Tully

タワーリング・インフェルノのTullyのネタバレレビュー・内容・結末

4.0

このレビューはネタバレを含みます

81階の倉庫から出火して、138階まで延焼していく様が、リアルタイムに描かれていきます。人物描写や設定は、パニック映画にあるあるの超ド直球です。「ポール・ニューマン」 と 「フェイ・ダナウェイ」 のロマンスシーンにムーディーなBGMを流したり、いかにも小悪党な振る舞いの 「リチャード・チェンバレン」 、クラシックハリウッドの良心を代表して、「フレッド・アステア」 と 「ジェニファー・ジョーンズ」 が老いらくの恋に花咲かせたりといかにも70年代っぽくて、実に微笑ましい。でも良心のはずの 「ジェニファー・ジョーンズ」 を豪快に転落死させる鬼畜っぷりもあって、これはこれで70年代的リアリズムかな。彼女を狼狽えながら探して、後に死を知る 「フレッド・アステア」 の切ない表情は、確かにアカデミー賞級だったと思う。基本超高層ビルが主人公の映画ですが、「スティーブ・マックイーン」 のカッコ良さに惚れ惚れしました。あの無骨な顔に野太い声。
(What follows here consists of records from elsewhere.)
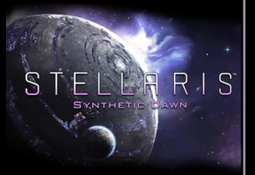 Stellaris - Synthetic Dawn Story Pack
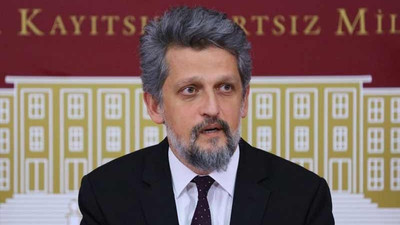 HDP’li Paylan: Esnafa ve çiftçiye günlük 1 TL destek bile yok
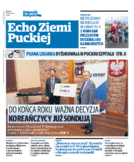 Echo Ziemi Puckiej nasze miasto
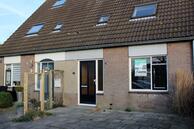 Historische woningfoto van De Arend 30, Harlingen uit 2018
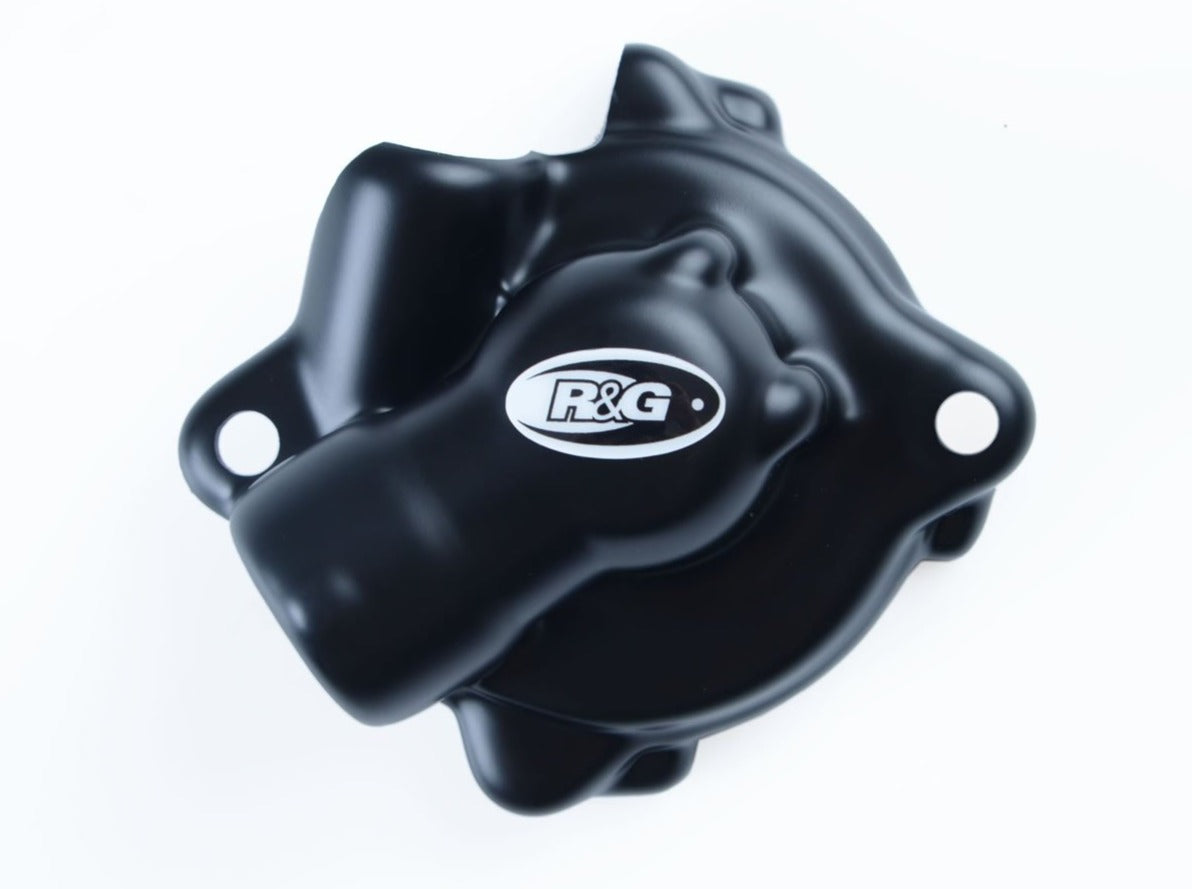 R&G RACING Suzuki GSX-R1000 (2017+) Engine Covers Protection Kit (3 pcs)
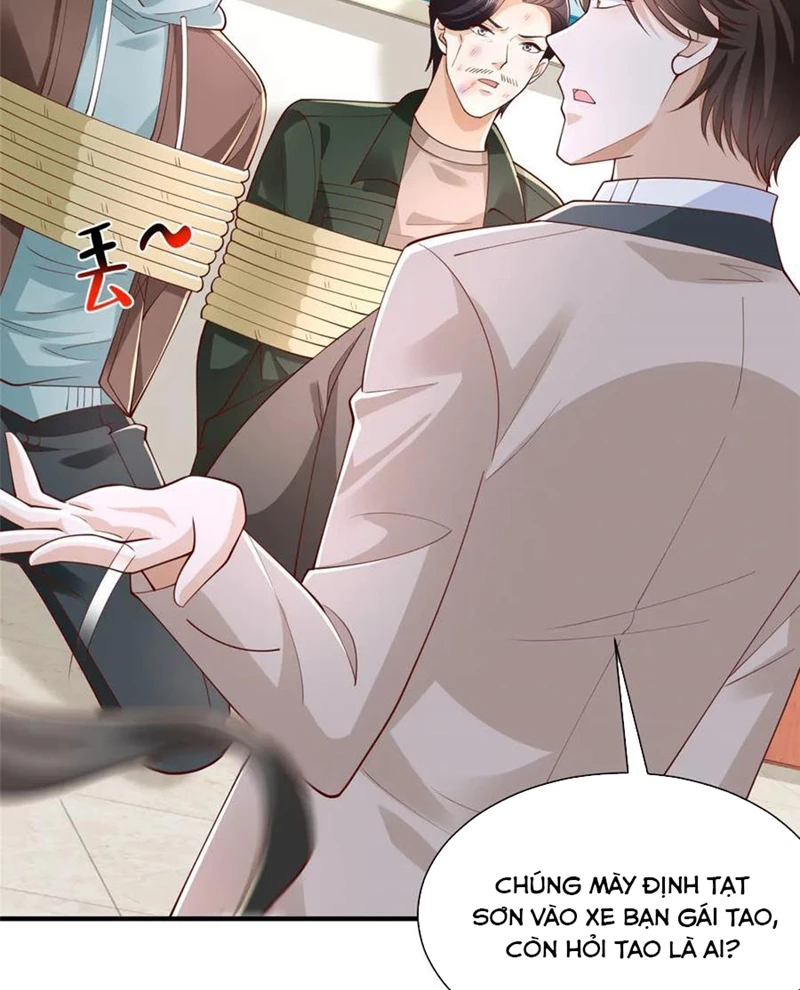 Mỗi Tuần Ta Có Một Nghề Nghiệp Mới Chapter 755 - Trang 4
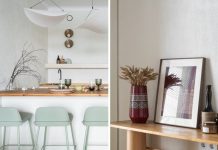 5 идей хранения из небольшой однушки 39 м², которые стоит повторить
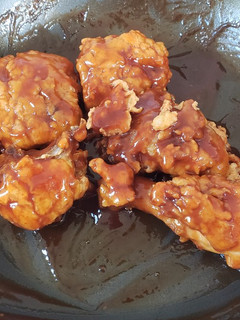Foto resep Ayam Richeese Home Made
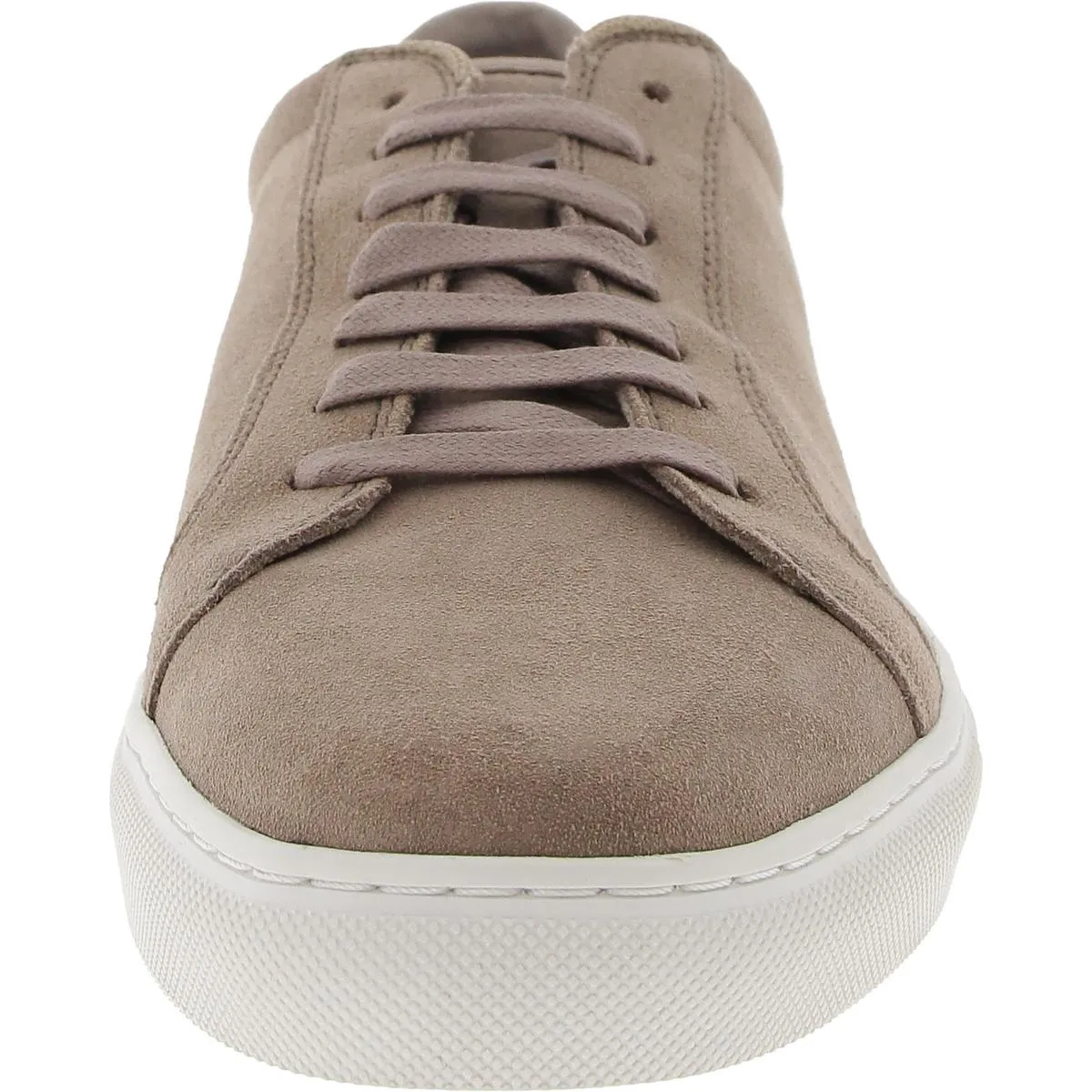 Mens Lace-Up Lifestyle Skate Shoes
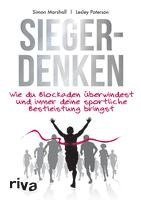 Simon Marshall, Lesley Paterson - Siegerdenken, Häftad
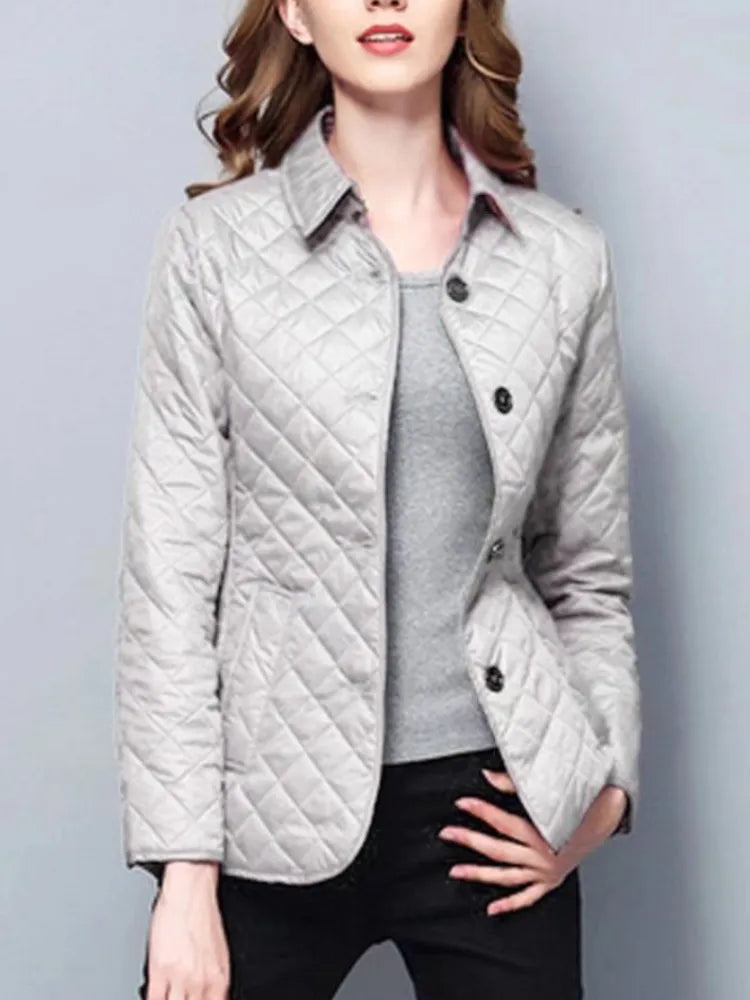 Winter Jacket for Women Warm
常に冷静沈着で、的確に次々と指示を出す消防隊長。叱咤激励をスマートに出来る上司なんて、自分が部下なら間違いなくついて行きます。すべて手作りの特撮はそのアナログ感がリアルで、天井が崩壊して消防士たちに直撃するという、「今の時代大丈夫か?」 と思わせるシーン満載です。火傷の特殊メイクも本物っぽい手触り感で、観る側の神経をゾワゾワさせてくれます。炎はまるで生き物のように人々を飲み込み、大スターのすぐそばで 「爆発炎上」 が容赦なく発生し、この映画のバイタリティは半端ないです。ラストの鎮火方法とその描写は恐ろしくもあり、壮観でもあります。カタルシスを大いに味わえます。